Çözüm süreci doğuya yatırımı artırdı

Ömer Çelik, çözüm sürecinin getirdiği noktada, Güneydoğu Anadolu'ya ve Doğu Anadolu'ya yatırım konusunda çok büyük bir ilginin söz konusu olduğunu, bu nedenle özellikle tur operatörleriyle konuşarak buralara dönük yatırımların, yabancıların turistik ziyaretlerinin artması konusunda özel bir perspektif geliştirdiklerini ifade etti.  

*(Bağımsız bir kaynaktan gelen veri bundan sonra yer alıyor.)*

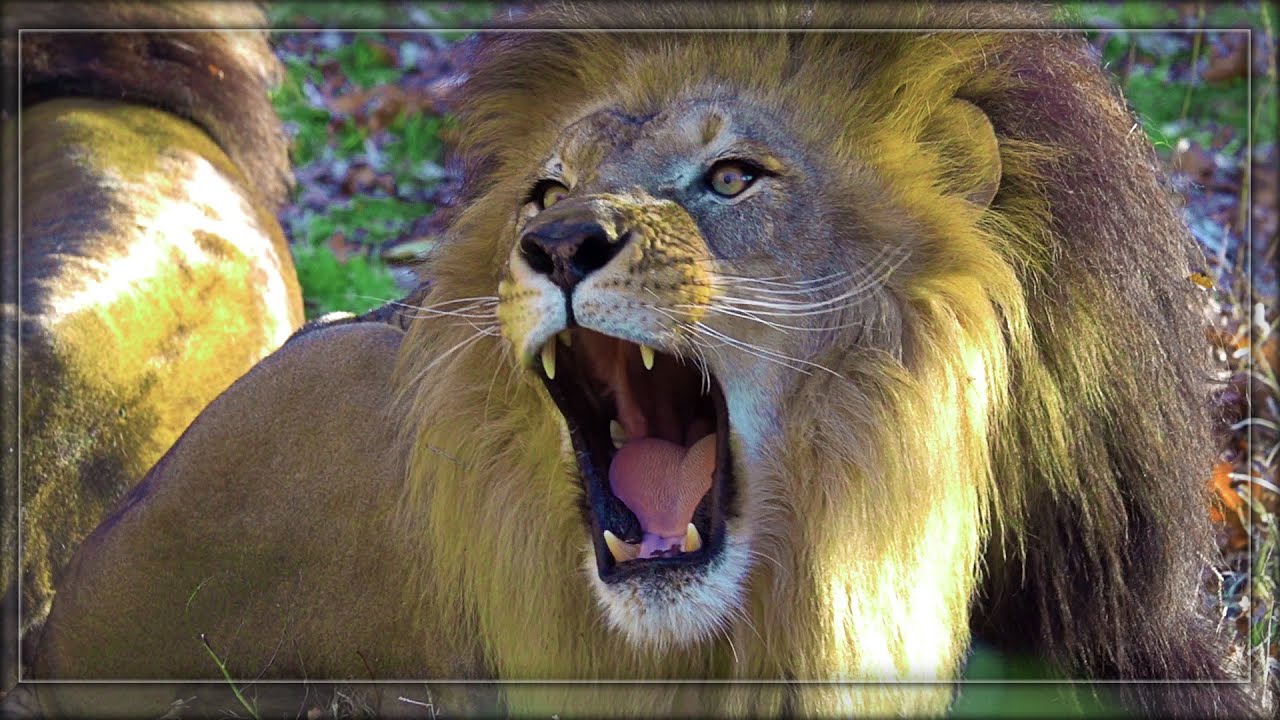 Roaring Lions - Deafening Duet by the Kings of the Jungle #zoo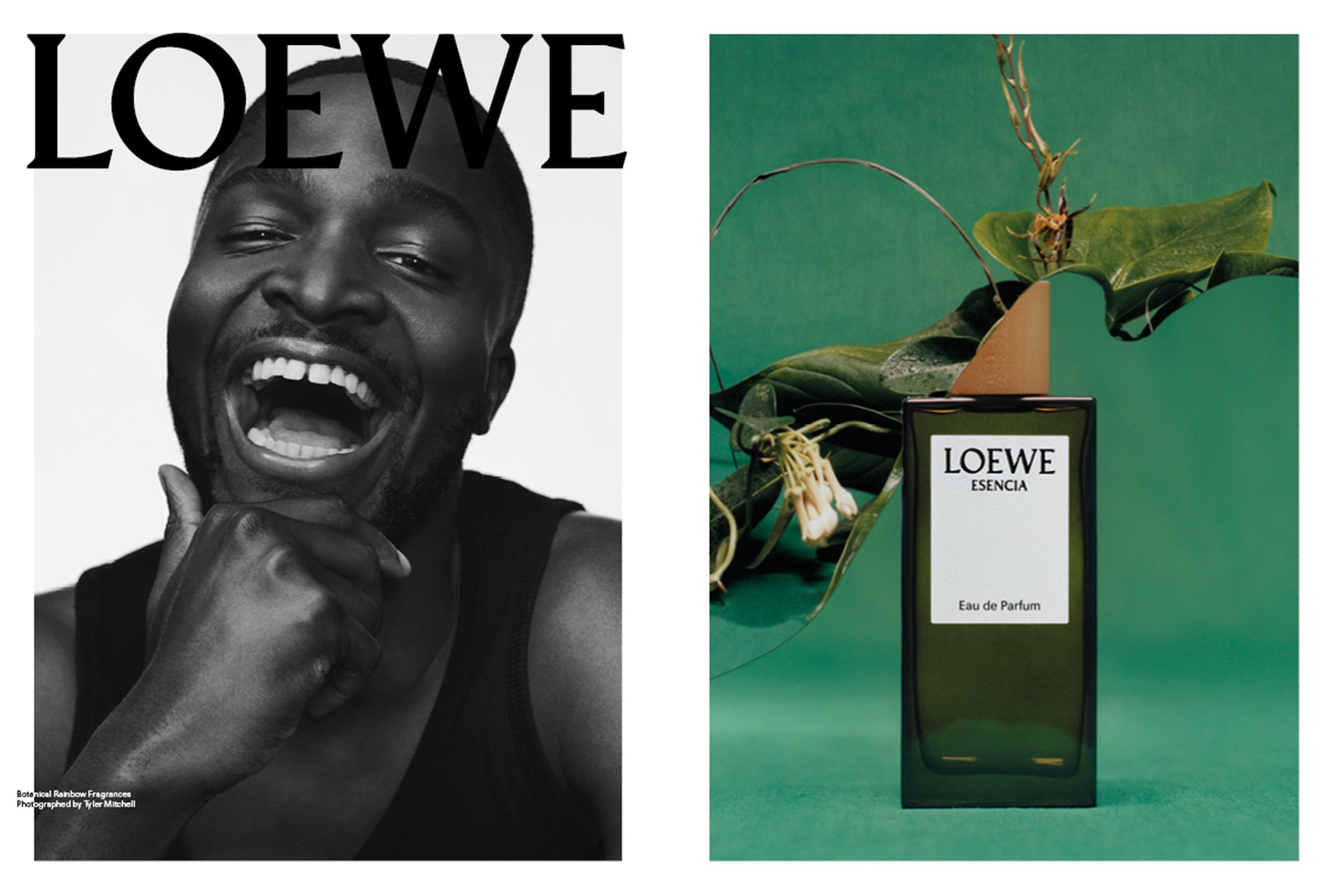 LOEWE PERFUME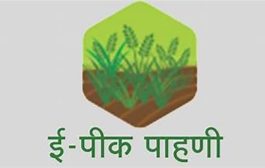 शेतकऱ्यांसाठी महत्त्वाची सूचना! ई-पीक पाहणी २४ जानेवारीपर्यंतच; उशीर करू नका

Kaleler ve diğer alanlarla ilgili restorasyon projelerine değinen Çelik, "Bunlara genel bir restorasyon projesi değil ama her birinin kendi kriteri içerisinde değerlendirildiği bir perspektifle yaklaşmaya çalışıyoruz. Önümüzdeki dönem bunların hem kültürel varlık olarak korunması ama kültürel varlık olarak korunmasının ötesinde de buraların turizm alanına açılarak insani diplomasi açısından, oradaki hareketliliğin artırılması açısından da aynı zamanda kültürel varlıklarının dünyaya tanıtılması ve kıymetlendirilmesi bakımından çok önemli olacaktır" diye konuştu. 

Devlet sanat üretimi ilişkisi yeniden yapılandırılmalı

Bakanlık olarak, Türkiye'de bütün kimliklerin varlığını milli miras olarak kabul ettiklerini belirten Çelik, bu nedenle kültürler arasında, kültürel mirasın korunması konusunda hiçbir ayrım gözetmediklerini kaydetti. 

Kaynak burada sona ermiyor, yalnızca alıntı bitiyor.